Depois de sofrer um acidente que
o deixa com sequelas permanentes nas mãos, o famoso e arrogante cirurgião Stephen
Strange (Benedict Cumberbatch), busca uma cura misteriosa através de um grupo
secreto com habilidades místicas. Orientado pela Anciã (Tilda Swinton, vivendo uma figura que aparentemente não poderia ter sido interpretada por ninguém mais), e
amparado por Mordo (Chiwetel Ejiofor), o Doutor Strange aprende a manipular as
energias que existem entre as dimensões e, com isso, surge um dilema: ele vai
usar isso para si mesmo, ou para combater em prol de causas muito maiores que o
seu ego? Enquanto isso, Kaecilius (Madds Mikkelsen), um antigo aprendiz da
seita que se virou para o mal, tenta abrir um portal entre as dimensões para
deixar passar uma entidade devoradora de mundos.

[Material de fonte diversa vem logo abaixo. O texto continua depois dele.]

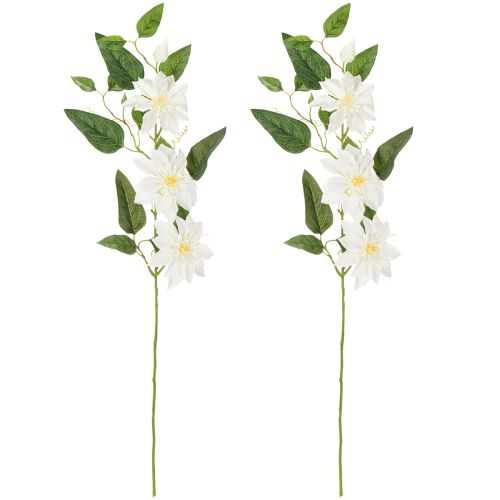 Artículo Rama de clemátide artificial con flores para una decoración elegante y de bajo mantenimiento, 81 cm, 2 piezas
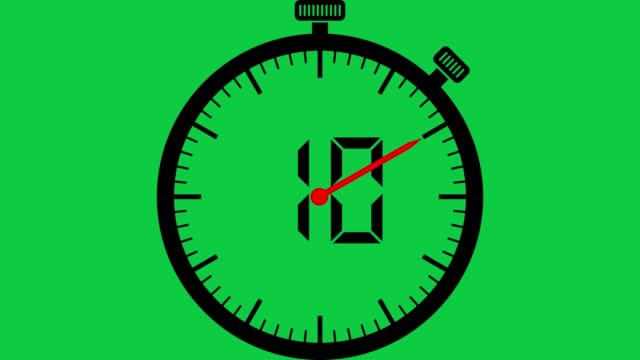 Countdown from 0 to 60 with stopwatch. Monochrome 4K Video with Chroma Green Background.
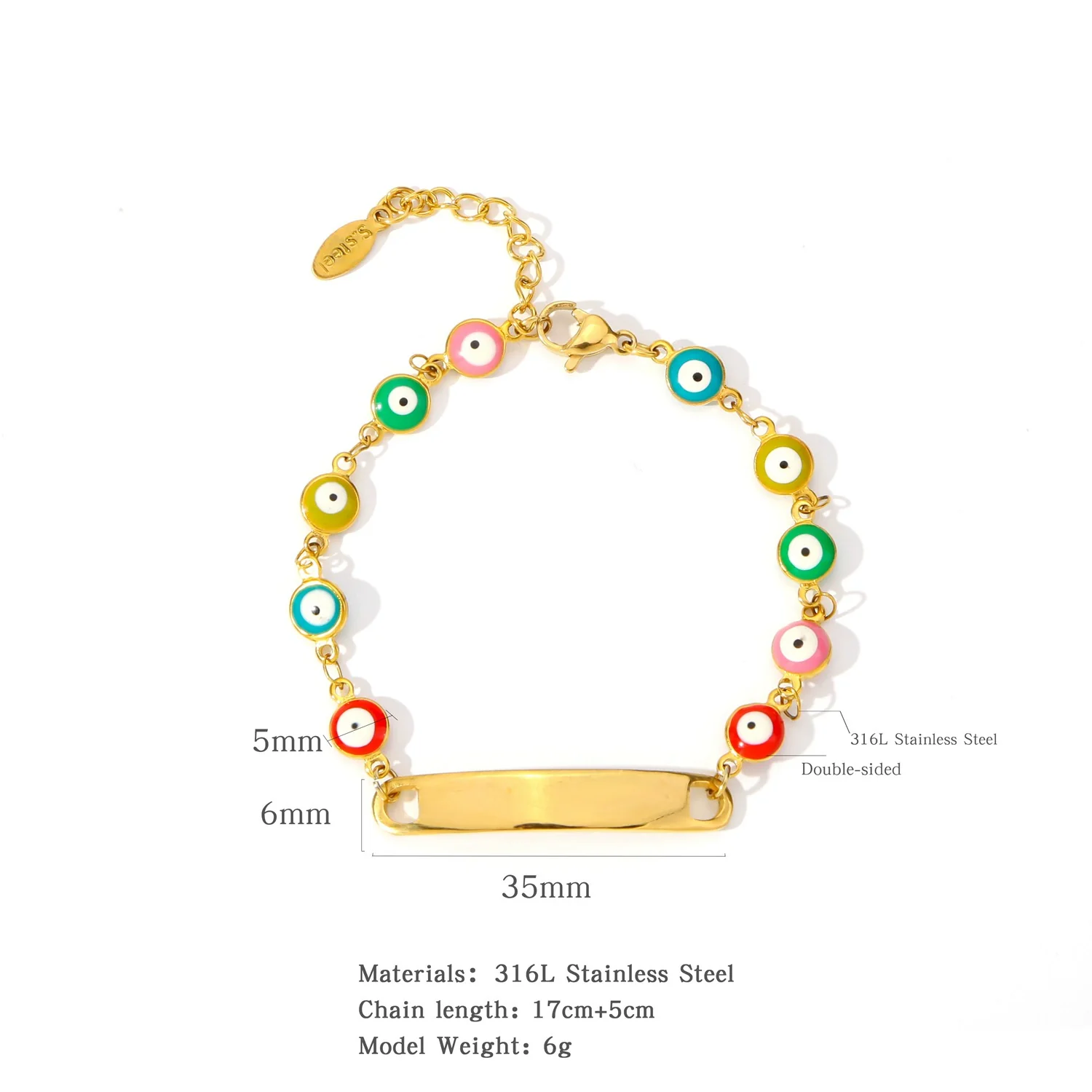 Stainless Steel Geometric Evil Eye Women's Bracelet With Electroplating - Image 7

Não precisa pensar muito para
entender quais vão ser as transformações que Stephen irá experimentar em sua
visão de mundo, ainda mais levando em conta que estamos lidando com um filme de
origem. Há inclusive um inevitável par romântico para o herói, na figura ao menos
bem utilizada de Rachel McAdams – e o destino e arcos percorridos pelos demais
personagens apenas confirmam a previsibilidade do roteiro, que segue passo a
passo a jornada do escritor. Com isso, Doutor
Estranho não consegue evitar de ser bastante didático – e por mais que seja
divertido descobrir aquele mundo junto com o protagonista, depois que temos as
informações, parece que aquele tempo teria sido melhor aproveitado aprofundando
as suas aplicações.
Entretanto, é de se apontar que,
apesar disso, o filme jamais soa monótono. Criando set pieces criativos que tornam divertido de se acompanhar a ação
burocrática (resumem-se a brigas e perseguições, basicamente), o diretor Scott
Derrickson merece algum reconhecimento por fazer bom uso das técnicas 3D,
sabendo utilizar a profundidade de campo completa e bastante iluminação mesmo
em cenários que deveriam ser mais escuros. O que alavanca a eficácia de
sequências que se passam em cenários em que o tempo corre ao contrário, ou em
que ele passa em câmera lenta, assim como outros em que as realidade físicas e
espaciais formam blocos flutuantes de matéria em uma orgia visual de realidades que fariam
Christopher Nolan erguer uma sobrancelha. Tudo possibilitado por efeitos
visuais de ponta que merecem aplausos especiais não só pela inventividade
daquilo que possibilitam, como pela atenção que seu design dá aos detalhes
dessas criações.
Conferindo ainda uma
personalidade diferenciada ao projeto, a trilha sonora do sempre ótimo Michael
Giacchino investe em acordes que, com pianos e cordas, sugerem que este
universo é mais peculiar (estranho) do que aqueles vistos anteriormente e
habitados pelos membros dos Vingadores. O que faz de Benedict Cumberbatch uma
boa escolha para viver o protagonista. Imponente com sua inflexão de palavras e
voz grave, o intérprete também emprega sua conhecida persona de figura
intelectual e deslocada (já vista antes em Sherlock
e O Jogo da Imitação) para completar
os atributos de Strange, que apesar de improvável, convence como um herói de
capa – literalmente, e o papel desempenhado por sua capa, além de justificar o atípico
e marcante visual do personagem, surge também como um recurso recorrente de
humor dentro da trama.
No fim, Doutor Estranho sofre realmente é de um problema recorrente na
filmografia da Marvel: a constante preocupação em preparar o próximo filme, sem
se preocupar muito em fazer deste que estamos assistindo algo realmente
memorável – como se todos os projetos solo fossem apenas prólogos de algum dos longas
que reúnem os Vingadores. Mas funciona bem o suficiente em seus méritos para
divertir, fazer rir e entreter sensorialmente seus espectadores. Mas ainda é
triste ver sendo desperdiçado tanto potencial de intelecto em um filme que
parece ansiar por abraça-lo com mais vigor.